Sie haben überlebt, können ihr Glück kaum fassen.
Nicht so Egon Schultz, der nicht nur kein Glück, sondern ausgesprochenes Pech gehabt hat. Von insgesamt 10 Kugeln getroffen, bricht er unweit der Hoftür zusammen.
Wobei der Großteil, nämlich acht, aus der Waffe seines Kameraden stammt.
Ein Umstand, über den nichts, nicht einmal die leiseste Andeutung, an die Öffentlichkeit dringen durfte. Dafür würden die Verantwortlichen, allen voran die Stasi, sorgen.
RIAS-Reportage über den Fluchttunnel │05. 10. 1964
RIAS: Wie haben sich die letzten … Minuten abgespielt, die ja die entscheidenden sind?
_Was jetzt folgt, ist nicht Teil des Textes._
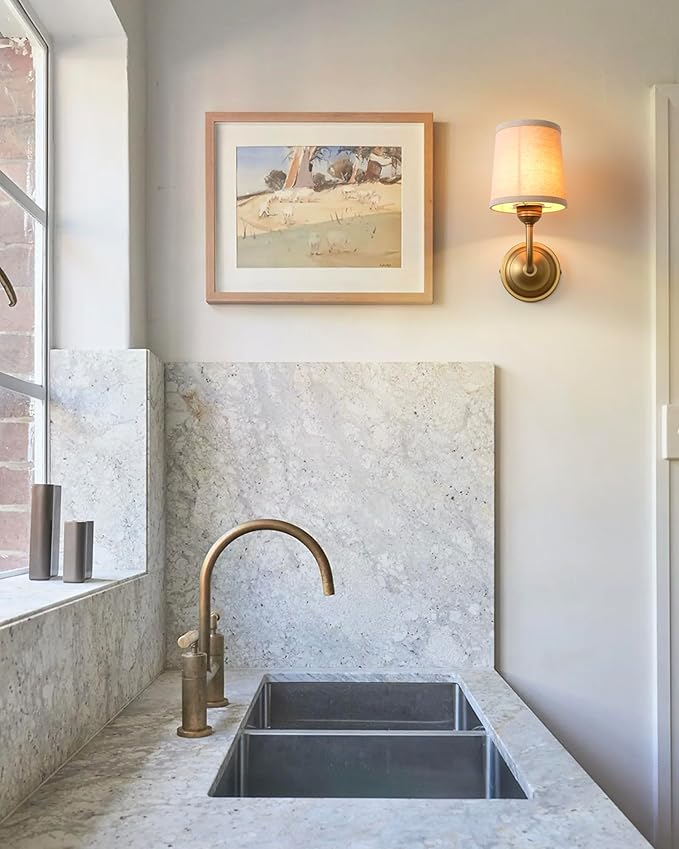 Vintage Fabric Wall Sconce with Funnel Linen Cloth Shade, E26 Hardwired Indoor 1-Light Wall Mounted Lamp Fixture for Living Room Bedroom Dining Room Hallway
Fluchthelfer: Es ist gut gelaufen, bis eben am fraglichen Abend – in der fraglichen Nacht – als Flüchtlinge getarnt zwei Männer erschienen, die vorgaben, noch einen anderen Mann holen zu wollen oder holen zu müssen. Wir waren aber nicht sicher, ob es nun Flüchtlinge waren oder keine Flüchtlinge. Wir hatten eben das Ultimatum gestellt, innerhalb von fünf Minuten zurückzukommen mit diesen neuen Flüchtlingen. Nach fünf Minuten kamen diese Männer mit dem dritten angekündigten Mann zurück. Diese drei Leute traten dann in den Hof und forderten uns mit entsicherter Maschinenpistole auf mitzukommen. In der darauf folgenden Schrecksekunde blieben wir natürlich starr stehen, dann rannten wir über den Hof. Die Vopos eröffneten sofort – ohne jede Warnung – und ohne jeglichen Aufruf das Feuer. Ich schätze, dass etwa 100, 150 oder – ich weiß nicht, wie viel – Schüsse auf uns abgegeben worden sind in einem Hof, der nicht größer ist als vielleicht sechs Meter auf drei Meter.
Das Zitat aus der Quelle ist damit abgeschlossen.